The PDCe with too much to do

Hi. Mark again. As part of my role in Premier Field Engineering, I’m sometimes called upon to visit customers when they have a critical issue being worked by CTS, needing another set of eyes. For today’s discussion, I’m going to talk you through, one such visit.

It was a dark and stormy night …

Well not really – it was mid-afternoon but these sorts of things always have that sense of drama.

The Problem

Custom applications were hard coded to use the PDC Emulator (PDCe) for authentication – a strategy the customer later abandoned to eliminate a single point of failure. The issue was hot because the PDCe was not processing authentication requests after a reboot.

The customer had noticed lsass.exe consuming a lot of CPU and this is where CTS were focusing their efforts.

The Investigation

Starting with the Directory Service event logs, I noticed the following:

Event Type: Information

Event Source: NTDS Replication

Event Category: Replication

Event ID: 1555

Date: <Date>

Time: <Time>

User: NT AUTHORITY\ANONYMOUS LOGON

Computer: <Name of PDCe>

Description:

The local domain controller will not be advertised by the domain controller locator service as an available domain controller until it has completed an initial synchronization of each writeable directory partition that it holds.
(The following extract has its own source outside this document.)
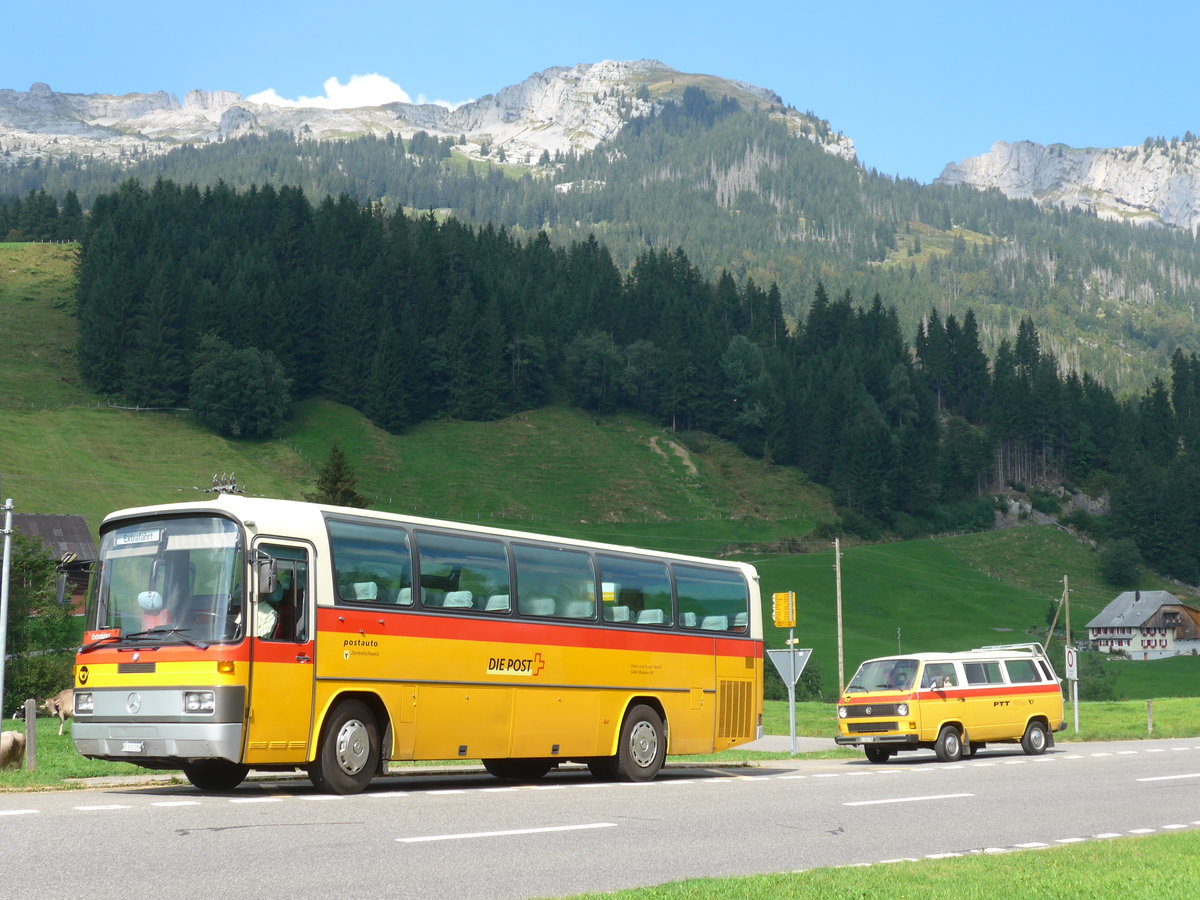 (174'870) - Buzzi, Bern - BE 910'789 - Mercedes (ex Mattli, Wassen) am 11. September 2016 in S�renberg, Hirsegg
At this time, these initial synchronizations have not been completed.

 

The synchronizations will continue.

 

also:

Event Type: Warning

Event Source: NTDS Replication

Event Category: Replication

Event ID: 2094

Date: <Date>

Time: <Time>

User: NT AUTHORITY\ANONYMOUS LOGON

Computer: <Name of PDCe>

Description:

Performance warning: replication was delayed while applying changes to the following object. If this message occurs frequently, it indicates that the replication is occurring slowly and that the server may have difficulty keeping up with changes.

Object DN: CN=<ClientName>,OU=Workstations,OU=Machine Accounts,DC=<Domain Name>,DC=com

 

Object GUID: <GUID>

 

Partition DN: DC=<Domain Name>,DC=com

 

Server: <_msdcs DNS record of replication partner>

 

Elapsed Time (secs): 440

 

 

User Action

 

A common reason for seeing this delay is that this object is especially large, either in the size of its values, or in the number of values. You should first consider whether the application can be changed to reduce the amount of data stored on the object, or the number of values. If this is a large group or distribution list, you might consider raising the forest version to Windows Server 2003, since this will enable replication to work more efficiently. You should evaluate whether the server platform provides sufficient performance in terms of memory and processing power. Finally, you may want to consider tuning the Active Directory database by moving the database and logs to separate disk partitions.

 

If you wish to change the warning limit, the registry key is included below. A value of zero will disable the check.

 

Additional Data

 

Warning Limit (secs): 10

 

Limit Registry Key: System\CurrentControlSet\Services\NTDS\Parameters\Replicator maximum wait for update object (secs)

 

 

and:

Event Type: Warning

Event Source: NTDS General

Event Category: Replication

Event ID: 1079

Date: <Date>

Time: <Time>

User: <SID>

Computer: <Name of PDCe>

Description:

Internal event: Active Directory could not allocate enough memory to process replication tasks. Replication might be affected until more memory is available.

 

User Action

Increase the amount of physical memory or virtual memory and restart this domain controller.

 

 

In summary, the PDCe hasn’t completed initial synchronisation after a reboot and it’s having memory allocation problems while it works on sorting it out. Initial synchronisation is discussed in:

Initial synchronization requirements for Windows 2000 Server and Windows Server 2003 operations master role holders
https://support.microsoft.com/kb/305476

With this information in hand, I had a chat with the customer hoping we’d identify a relevant change in the environment leading up to the outage. It became apparent they’d configured a policy for deploying RDP session certificates. Furthermore, they’d noticed clients receiving many of these certificates instead of the expected one.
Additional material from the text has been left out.